Air France has posted the best annual results in its history on the back of growth at its Paris Charles de Gaulle (CDG) hub. British Airways, meanwhile, is reportedly pressing for a third runway at London Heathrow, CDG's main European rival.

Air France posted a 34% increase in operating profits to FFr2.35 billion ($335 million) on a turnover of FFr67.7 billion (up 13.5%). Net profit rose 42%, to FFr2.32 billion, despite unfavourable exchange rates and higher fuel costs.

The carrier's president, Jean-Cyril Spinetta, says it bucked the European trend thanks to controls on unit revenues, cash from the Delta Air Lines alliance, FFr3 billion in cost savings, and - crucially - growth at CDG. Air France carried 39.8 million passengers in its financial year, with traffic up 12.1%. Load factor grew to 76.1% on an 11.2% capacity hike.

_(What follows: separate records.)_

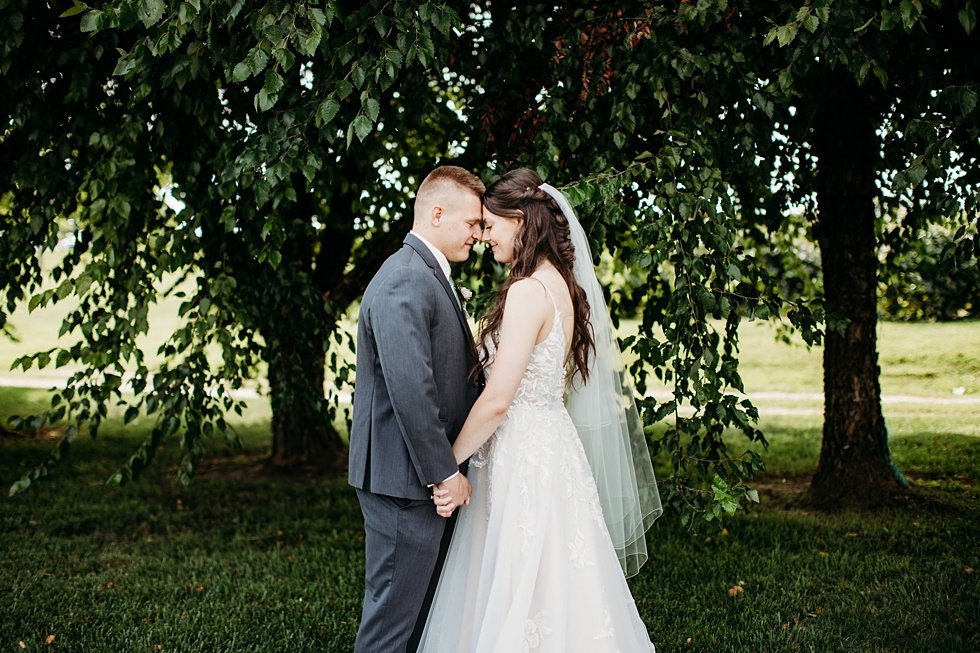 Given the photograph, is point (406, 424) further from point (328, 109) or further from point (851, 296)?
point (851, 296)

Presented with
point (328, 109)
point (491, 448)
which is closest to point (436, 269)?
point (491, 448)

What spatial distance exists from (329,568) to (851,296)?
14.6 feet

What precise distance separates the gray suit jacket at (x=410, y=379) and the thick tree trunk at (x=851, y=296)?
4133mm

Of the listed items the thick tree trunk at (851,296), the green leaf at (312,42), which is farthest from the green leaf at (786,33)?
the thick tree trunk at (851,296)

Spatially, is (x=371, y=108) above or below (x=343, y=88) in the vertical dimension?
below

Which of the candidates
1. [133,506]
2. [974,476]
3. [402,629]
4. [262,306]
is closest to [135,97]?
[262,306]

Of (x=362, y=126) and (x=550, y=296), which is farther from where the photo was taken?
(x=362, y=126)

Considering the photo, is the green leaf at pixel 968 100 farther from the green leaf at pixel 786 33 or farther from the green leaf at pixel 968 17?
the green leaf at pixel 786 33

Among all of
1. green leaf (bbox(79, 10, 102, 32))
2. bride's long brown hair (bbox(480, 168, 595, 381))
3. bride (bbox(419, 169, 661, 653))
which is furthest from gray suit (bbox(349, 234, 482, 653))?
green leaf (bbox(79, 10, 102, 32))

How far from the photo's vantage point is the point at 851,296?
6.18 meters

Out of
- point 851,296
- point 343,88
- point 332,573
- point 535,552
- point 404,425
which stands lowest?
point 332,573

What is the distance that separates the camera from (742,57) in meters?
3.81

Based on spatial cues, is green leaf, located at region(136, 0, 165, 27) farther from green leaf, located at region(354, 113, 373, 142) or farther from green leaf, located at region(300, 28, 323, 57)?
green leaf, located at region(354, 113, 373, 142)

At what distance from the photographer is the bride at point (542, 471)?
9.55 ft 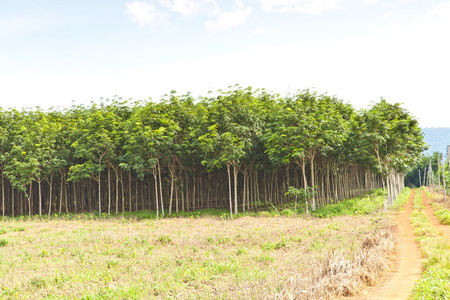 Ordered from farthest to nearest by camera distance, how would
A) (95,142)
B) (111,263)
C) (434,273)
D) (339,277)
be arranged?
(95,142)
(111,263)
(339,277)
(434,273)

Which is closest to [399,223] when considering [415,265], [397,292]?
[415,265]

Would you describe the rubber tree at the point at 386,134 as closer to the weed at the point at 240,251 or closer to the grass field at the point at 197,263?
the grass field at the point at 197,263

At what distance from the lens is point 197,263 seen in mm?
14453

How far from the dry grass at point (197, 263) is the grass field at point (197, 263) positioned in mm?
32

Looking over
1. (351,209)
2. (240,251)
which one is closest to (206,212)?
(351,209)

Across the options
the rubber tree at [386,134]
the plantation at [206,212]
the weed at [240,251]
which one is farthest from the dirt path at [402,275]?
the rubber tree at [386,134]

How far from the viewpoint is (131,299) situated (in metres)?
9.98

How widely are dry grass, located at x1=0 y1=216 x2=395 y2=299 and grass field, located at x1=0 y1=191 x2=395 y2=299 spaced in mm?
32

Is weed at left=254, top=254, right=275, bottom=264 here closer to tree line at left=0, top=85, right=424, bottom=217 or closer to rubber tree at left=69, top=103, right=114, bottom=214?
tree line at left=0, top=85, right=424, bottom=217

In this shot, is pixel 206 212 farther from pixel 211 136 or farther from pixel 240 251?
pixel 240 251

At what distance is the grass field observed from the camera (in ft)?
34.0

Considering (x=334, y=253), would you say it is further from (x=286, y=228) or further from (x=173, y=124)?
(x=173, y=124)

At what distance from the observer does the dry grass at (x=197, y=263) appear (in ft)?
34.0

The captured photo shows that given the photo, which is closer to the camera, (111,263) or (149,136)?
(111,263) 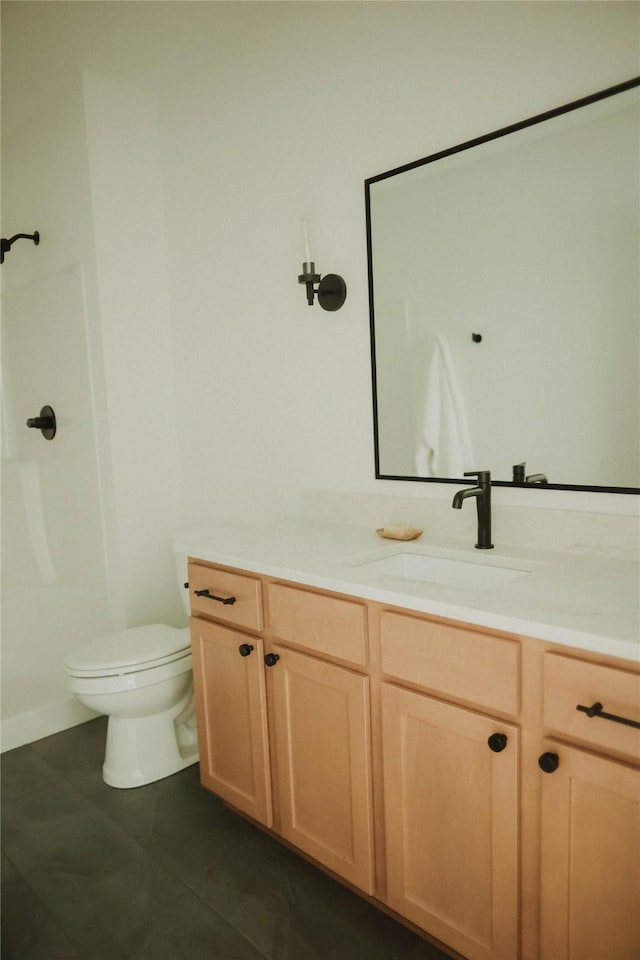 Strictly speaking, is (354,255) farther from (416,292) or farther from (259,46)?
(259,46)

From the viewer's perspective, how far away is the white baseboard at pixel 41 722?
261cm

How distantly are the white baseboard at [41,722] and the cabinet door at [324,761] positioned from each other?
4.31 ft

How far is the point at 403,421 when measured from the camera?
2.07 metres

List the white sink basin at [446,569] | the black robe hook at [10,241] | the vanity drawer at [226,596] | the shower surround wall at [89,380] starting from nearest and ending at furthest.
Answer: the white sink basin at [446,569] < the vanity drawer at [226,596] < the shower surround wall at [89,380] < the black robe hook at [10,241]

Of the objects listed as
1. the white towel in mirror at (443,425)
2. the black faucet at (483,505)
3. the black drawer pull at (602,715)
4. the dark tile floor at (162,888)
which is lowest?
the dark tile floor at (162,888)

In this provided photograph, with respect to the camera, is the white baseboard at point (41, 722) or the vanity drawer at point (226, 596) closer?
the vanity drawer at point (226, 596)

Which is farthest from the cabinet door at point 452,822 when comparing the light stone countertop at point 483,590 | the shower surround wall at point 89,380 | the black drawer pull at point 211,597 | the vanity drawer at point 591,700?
the shower surround wall at point 89,380

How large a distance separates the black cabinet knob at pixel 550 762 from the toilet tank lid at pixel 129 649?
138 centimetres

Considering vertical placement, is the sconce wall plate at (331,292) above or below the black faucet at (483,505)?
above

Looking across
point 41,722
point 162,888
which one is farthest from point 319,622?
point 41,722

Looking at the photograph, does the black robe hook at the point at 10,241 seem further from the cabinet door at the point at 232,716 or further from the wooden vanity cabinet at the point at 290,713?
the cabinet door at the point at 232,716

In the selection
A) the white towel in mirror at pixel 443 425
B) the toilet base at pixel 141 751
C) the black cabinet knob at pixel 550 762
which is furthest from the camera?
the toilet base at pixel 141 751

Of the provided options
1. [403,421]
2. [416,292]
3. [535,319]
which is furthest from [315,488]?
[535,319]

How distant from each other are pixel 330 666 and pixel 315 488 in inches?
34.5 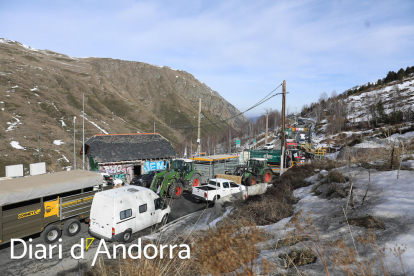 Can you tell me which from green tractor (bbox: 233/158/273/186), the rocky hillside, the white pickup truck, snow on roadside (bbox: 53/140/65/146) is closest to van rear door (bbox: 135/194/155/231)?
the white pickup truck

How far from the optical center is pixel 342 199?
7559 millimetres

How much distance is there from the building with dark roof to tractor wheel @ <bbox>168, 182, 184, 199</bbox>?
353 inches

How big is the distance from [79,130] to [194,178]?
57.3 m

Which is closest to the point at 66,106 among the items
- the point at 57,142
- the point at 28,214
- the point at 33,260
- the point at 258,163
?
the point at 57,142

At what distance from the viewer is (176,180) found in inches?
676

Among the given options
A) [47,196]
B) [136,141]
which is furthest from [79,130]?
[47,196]

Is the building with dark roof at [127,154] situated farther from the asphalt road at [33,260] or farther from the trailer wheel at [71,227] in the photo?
the trailer wheel at [71,227]

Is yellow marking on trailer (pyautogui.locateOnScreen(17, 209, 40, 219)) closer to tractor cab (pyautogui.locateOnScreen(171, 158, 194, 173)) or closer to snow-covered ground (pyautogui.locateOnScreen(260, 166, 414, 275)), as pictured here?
snow-covered ground (pyautogui.locateOnScreen(260, 166, 414, 275))

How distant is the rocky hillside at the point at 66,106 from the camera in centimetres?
4606

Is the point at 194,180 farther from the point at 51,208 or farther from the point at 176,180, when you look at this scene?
the point at 51,208

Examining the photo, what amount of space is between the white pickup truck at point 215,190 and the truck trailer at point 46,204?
6248mm

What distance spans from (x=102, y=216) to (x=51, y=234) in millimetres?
2461

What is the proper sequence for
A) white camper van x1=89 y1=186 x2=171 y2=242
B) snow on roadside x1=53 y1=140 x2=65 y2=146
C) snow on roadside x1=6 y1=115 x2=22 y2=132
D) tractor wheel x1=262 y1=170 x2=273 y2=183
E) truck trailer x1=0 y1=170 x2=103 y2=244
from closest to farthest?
truck trailer x1=0 y1=170 x2=103 y2=244
white camper van x1=89 y1=186 x2=171 y2=242
tractor wheel x1=262 y1=170 x2=273 y2=183
snow on roadside x1=53 y1=140 x2=65 y2=146
snow on roadside x1=6 y1=115 x2=22 y2=132

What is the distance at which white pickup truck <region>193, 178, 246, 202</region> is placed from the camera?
48.3ft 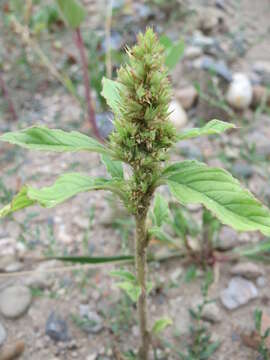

A new terminal dedicated to Air France opened at CDG last year, and another is planned for 2003. A third runway has opened and a fourth is due in 2001, taking passenger capacity from 32 million to 55 million. CDG has already outstripped Heathrow - which had 62 million passengers last year - in movements.

BA's plan is said to call for a third "narrowbody" runway at Heathrow, to take pressure off the present two by handling shorthaul flights. The strip would have its own small terminal. BA has long pressed for a fifth major terminal at the airport, but the project is bogged down by environmental concerns.

Spinetta confirms Air France is ready to sign letters of interest for the Airbus A3XX. "We're thinking of around 10 aircraft", he says.